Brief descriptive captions

=== Begin Enclosure ===

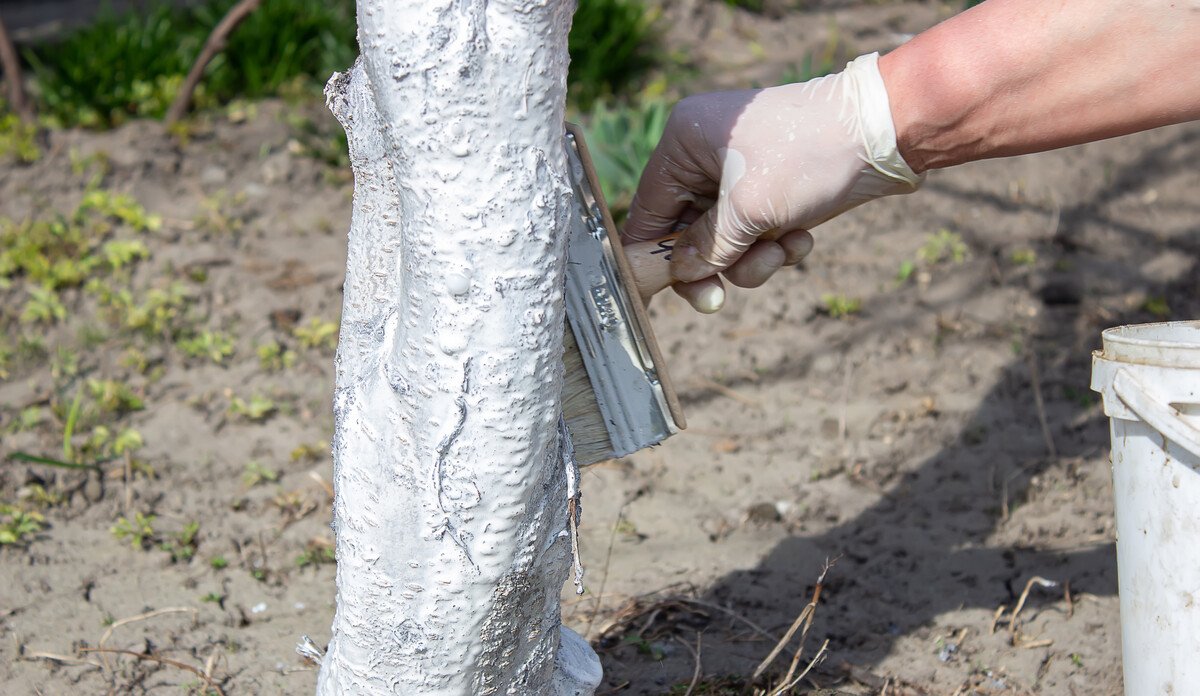 Whitewashing of fruit trees in spring. Care of the garden. Hand with a brush paints a tree to protect it from harmful insects. Pest control.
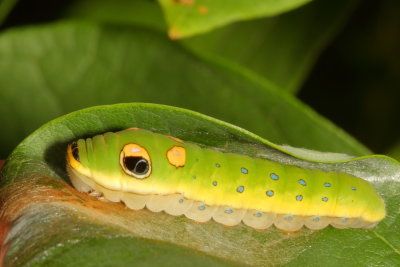 Spicebush Swallowtail * final instar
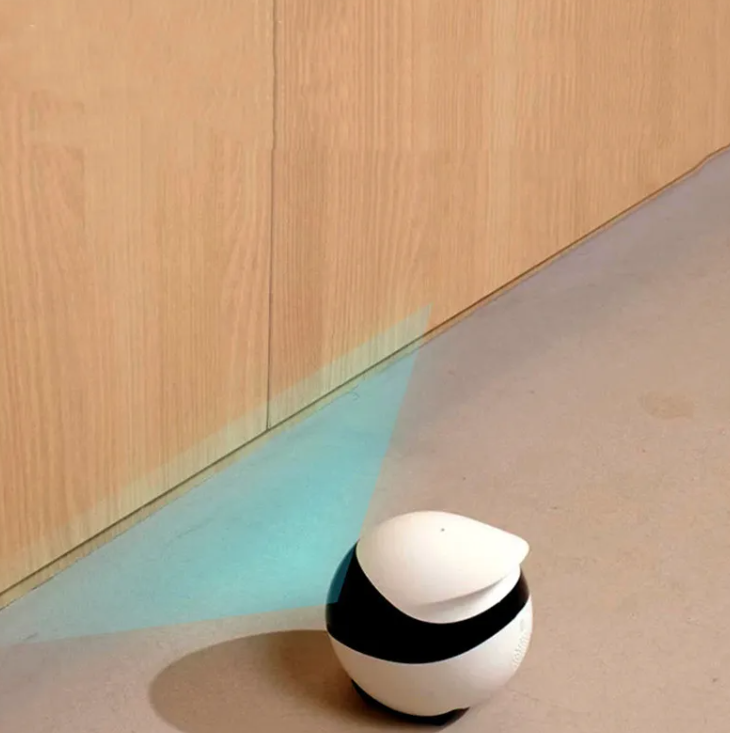 Mobile Robot Monitoring Camera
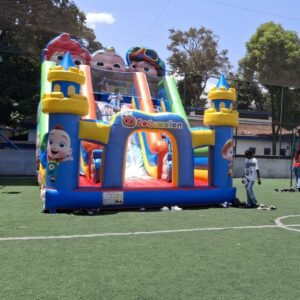 Giant Dry Slides & Bouncing Castles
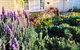 Beautiful Garden House - thumb 9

=== End Enclosure ===

[WHAT TO DO]
Your job is to repeat the data exactly, leaving each picture out.

[TASK SOLUTION]
 Whitewashing of fruit trees in spring. Care of the garden. Hand with a brush paints a tree to protect it from harmful insects. Pest control.
 Spicebush Swallowtail * final instar
 Mobile Robot Monitoring Camera
 Giant Dry Slides & Bouncing Castles
 Beautiful Garden House - thumb 9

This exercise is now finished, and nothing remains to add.